The star of “Page One” is not, as one would expect, the Times’ vaunted team of investigative reporters, or its foreign correspondents scattered across the globe. Instead, we are introduced to the motley crew of correspondents that make up the Times’ media desk, in particular David Carr and the indefatigable Brian Stelter. Reporter Tim Arango also makes an appearance, although he is not long for the media beat. With his war reporter looks and fondness for cigarettes, he is better suited to the foreign desk, and before long he is taking over the Times bureau in Baghdad.
That’s just as well, for Carr and Stelter make for engrossing watching on their own. Stelter plays the role of media savant, a one-time blogger who was hired by the Times after they profiled him for his spot-on coverage of the nightly news business. He keeps two computers open on his desk, compulsively updates his Twitter feed and is on a first name basis with Wikileaks’ Julian Assange.
Carr, in contrast, is an almost Hechtian creation, salty of tongue and old of school. When he isn’t working the phones or exercising his shoe leather, he emerges as an unlikely apostle for the values of the institution. In Carr’s telling, the daily miracle of the New York Times is just that, a wondrous object that is somehow born from a frenzied blend of forces and personalities. Carr may not have been the paper’s first choice to play the role of spokesman. His raspy voice and sartorial habits do not mark him as your protypical Timesman. Yet he is articulate and unafraid of defending the Times against its new media critics. Old Punch would be proud.

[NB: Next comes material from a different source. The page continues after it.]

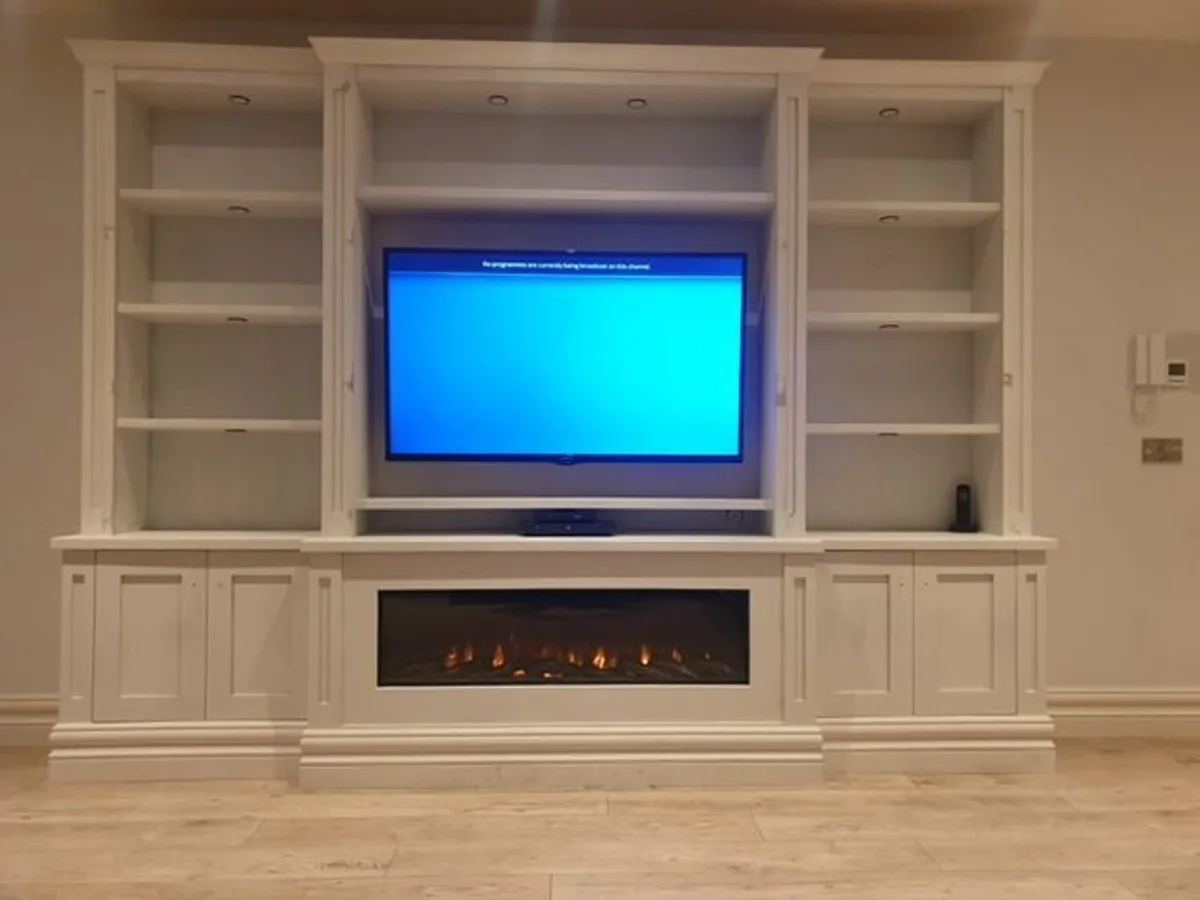 Feature walls & fireplace. The best prices - Image 2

A far more buttoned-up presence is Bill Keller, the Times’ soon-to-be former executive editor. Like Carr, Keller was raised Catholic and he embraces the Times’ mission with a sense of solemn obligation, if not Carr’s evangelical zeal. Both men believe that the Times is indispensable, and surveying the wreckage of the American newspaper industry, it is difficult to disagree. Once grand papers like the Chicago Tribune, the L.A. Times, even the Washington Post, have been left wobbly by the swift changes to the media landscape. The Times is in no great financial position either, but unlike the Post or the Wall Street Journal, it is still largely owned and controlled by one family. In this media environment, that makes a big difference. Just ask the (few) remaining employees of the Tribune company. (Full disclosure: I was once a member of that tribe.)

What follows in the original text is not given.